You will notice that in Pelosi’s tweet, and in every tweet below, the words “access to” can be deleted from “access to health care” without loss of meaning (at least to a dull normal. People don’t want access to health care; they want health care!). So what is “access” doing? Hold that thought.

Of course, Democrat Party leader Obama:

Vice-Presidential candidate Kamala Harris:

Presidential candidate Joe Biden:

(In an enormous act of chutzpah, Democrats bait-and-switched the public option, itself a bait-and-switch!) And from the other side of the aisle, Kellyanne Conway:

Note that Conway is the only one to indicate that there might be a class angle (“lives comfortably”) to any of this.
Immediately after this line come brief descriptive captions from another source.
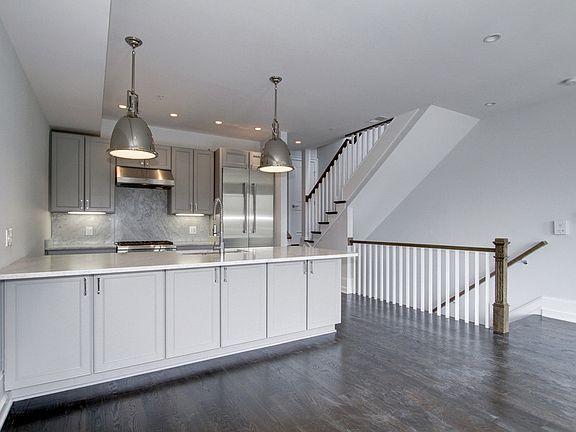 Gourmet Kitchen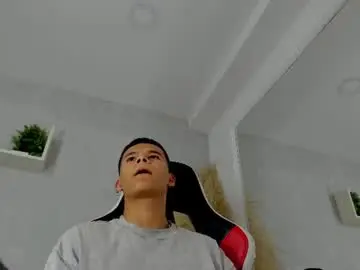 Chaturbate Adult Webcams of dylanroyce_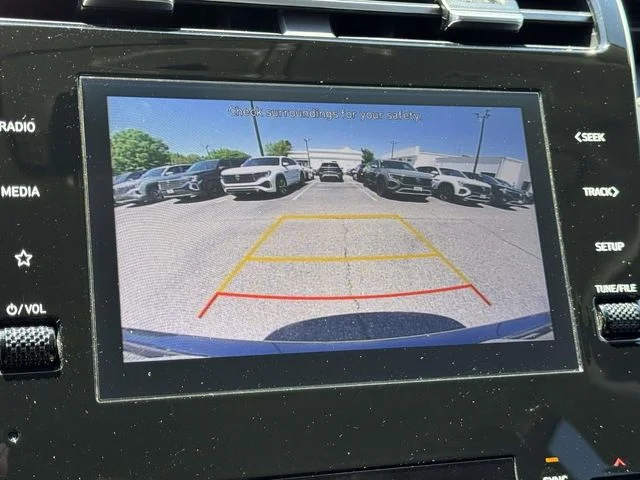 Used 2024  Hyundai SEL image 4
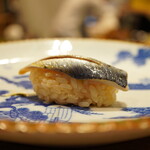 立喰すし魚河岸 山治 - ◇鰯 酢〆
酸味寄りに旨味を滲ませ、温かなシャリが香りと酢香を同調させながら一貫を余韻高く彩る。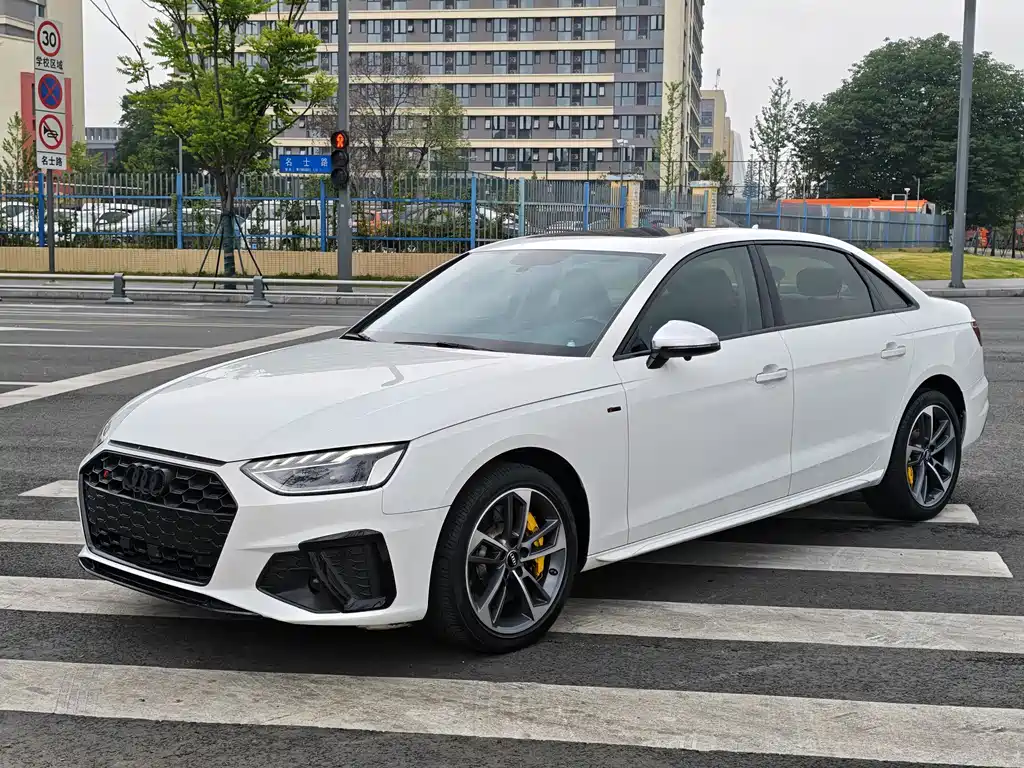 Audi A4L 2021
So what do health care professionals mean when they say “access to health care”? It’s complicated. It would take an intellectual historian with a grant to track down the history of “access to health care,” but here are a few hints derived from search. From “What does ‘access to health care’ mean?“, Journal of Health Services Research & Policy, 2002 (!):

Access is a complex concept and at least four aspects require evaluation. If services are available and there is an adequate supply of services, then the opportunity to obtain health care exists, and a population may ‘have access’ to services. The extent to which a population ‘gains access’ also depends on financial, organisational and social or cultural barriers that limit the utilisation of services. Thus access measured in terms of utilisation is dependent on the affordability, physical accessibility and acceptability of services and not merely adequacy of supply. Services available must be relevant and effective if the population is to ‘gain access to satisfactory health outcomes’. The availability of services, and barriers to access, have to be considered in the context of the differing perspectives, health needs and material and cultural settings of diverse groups in society. Equity of access may be measured in terms of the availability, utilisation or outcomes of services.

I tried to find out how the United States goverment operationalized “differing perspectives, health needs and material and cultural settings of diverse groups” in providing “access” to health care by searching U.S. Department of Health and Human Services and HealthCare.gov[1], but the best I could come up with was from HHS’s Office of Disease Prevention and Health Promotion (ODPHP), “Access to Health Services.”

Why Is Access to Health Services Important?

Access to health services means “the timely use of personal health services to achieve the best health outcomes.”1[2]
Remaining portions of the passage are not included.